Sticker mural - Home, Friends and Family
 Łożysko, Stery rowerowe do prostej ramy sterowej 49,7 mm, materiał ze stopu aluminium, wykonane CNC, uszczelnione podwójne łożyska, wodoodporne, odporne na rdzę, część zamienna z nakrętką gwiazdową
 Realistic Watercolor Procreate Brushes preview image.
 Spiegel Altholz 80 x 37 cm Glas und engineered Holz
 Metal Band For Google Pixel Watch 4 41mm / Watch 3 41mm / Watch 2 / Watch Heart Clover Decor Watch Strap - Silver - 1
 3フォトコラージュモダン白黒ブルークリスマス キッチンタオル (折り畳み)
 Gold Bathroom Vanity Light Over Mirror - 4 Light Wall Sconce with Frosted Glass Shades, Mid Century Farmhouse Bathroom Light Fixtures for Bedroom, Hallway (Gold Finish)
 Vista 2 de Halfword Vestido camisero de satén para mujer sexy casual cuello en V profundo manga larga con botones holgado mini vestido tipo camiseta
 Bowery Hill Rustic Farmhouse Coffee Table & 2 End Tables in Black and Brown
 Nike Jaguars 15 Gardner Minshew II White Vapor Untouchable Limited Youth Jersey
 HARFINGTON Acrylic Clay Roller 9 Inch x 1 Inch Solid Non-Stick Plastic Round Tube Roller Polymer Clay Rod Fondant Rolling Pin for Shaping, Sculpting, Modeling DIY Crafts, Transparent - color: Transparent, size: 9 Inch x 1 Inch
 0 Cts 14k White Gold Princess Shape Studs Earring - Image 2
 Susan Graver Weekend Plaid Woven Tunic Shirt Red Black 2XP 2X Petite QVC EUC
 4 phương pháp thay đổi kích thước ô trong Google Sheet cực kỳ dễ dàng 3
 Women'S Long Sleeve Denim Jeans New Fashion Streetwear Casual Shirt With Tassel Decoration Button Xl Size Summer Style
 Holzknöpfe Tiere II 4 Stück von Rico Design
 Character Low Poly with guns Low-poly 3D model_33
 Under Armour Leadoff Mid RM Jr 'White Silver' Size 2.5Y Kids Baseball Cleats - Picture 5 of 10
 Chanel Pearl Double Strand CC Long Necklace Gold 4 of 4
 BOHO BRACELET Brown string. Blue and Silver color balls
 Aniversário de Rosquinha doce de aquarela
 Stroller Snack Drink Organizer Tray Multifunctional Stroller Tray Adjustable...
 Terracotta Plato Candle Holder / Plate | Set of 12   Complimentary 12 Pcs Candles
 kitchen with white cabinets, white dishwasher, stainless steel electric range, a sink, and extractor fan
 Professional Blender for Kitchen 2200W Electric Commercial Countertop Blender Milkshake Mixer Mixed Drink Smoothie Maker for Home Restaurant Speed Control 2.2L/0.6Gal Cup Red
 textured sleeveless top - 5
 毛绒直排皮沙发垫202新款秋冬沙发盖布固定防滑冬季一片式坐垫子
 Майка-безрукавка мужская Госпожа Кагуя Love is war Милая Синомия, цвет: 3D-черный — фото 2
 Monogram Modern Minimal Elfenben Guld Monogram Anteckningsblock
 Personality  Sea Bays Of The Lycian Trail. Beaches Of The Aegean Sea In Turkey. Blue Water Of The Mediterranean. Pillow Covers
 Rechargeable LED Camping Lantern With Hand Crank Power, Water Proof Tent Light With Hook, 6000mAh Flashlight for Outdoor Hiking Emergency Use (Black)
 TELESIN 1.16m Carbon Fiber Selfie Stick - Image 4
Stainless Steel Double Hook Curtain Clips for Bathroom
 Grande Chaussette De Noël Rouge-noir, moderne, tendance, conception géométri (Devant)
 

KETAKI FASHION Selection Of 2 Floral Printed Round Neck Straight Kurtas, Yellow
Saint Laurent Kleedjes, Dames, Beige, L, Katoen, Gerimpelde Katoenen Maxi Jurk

────────────────────────────────────────

■ **What is being asked**
The exact lines of the material above starting at the one that contains "Gold Bathroom Vanity" and ending at the one that contains "Holzknöpfe Tiere II 4 Stück von Rico Design" are what to retype; leave out everything else.

■ **Answer to this task**
 Gold Bathroom Vanity Light Over Mirror - 4 Light Wall Sconce with Frosted Glass Shades, Mid Century Farmhouse Bathroom Light Fixtures for Bedroom, Hallway (Gold Finish)
 Vista 2 de Halfword Vestido camisero de satén para mujer sexy casual cuello en V profundo manga larga con botones holgado mini vestido tipo camiseta
 Bowery Hill Rustic Farmhouse Coffee Table & 2 End Tables in Black and Brown
 Nike Jaguars 15 Gardner Minshew II White Vapor Untouchable Limited Youth Jersey
 HARFINGTON Acrylic Clay Roller 9 Inch x 1 Inch Solid Non-Stick Plastic Round Tube Roller Polymer Clay Rod Fondant Rolling Pin for Shaping, Sculpting, Modeling DIY Crafts, Transparent - color: Transparent, size: 9 Inch x 1 Inch
 0 Cts 14k White Gold Princess Shape Studs Earring - Image 2
 Susan Graver Weekend Plaid Woven Tunic Shirt Red Black 2XP 2X Petite QVC EUC
 4 phương pháp thay đổi kích thước ô trong Google Sheet cực kỳ dễ dàng 3
 Women'S Long Sleeve Denim Jeans New Fashion Streetwear Casual Shirt With Tassel Decoration Button Xl Size Summer Style
 Holzknöpfe Tiere II 4 Stück von Rico Design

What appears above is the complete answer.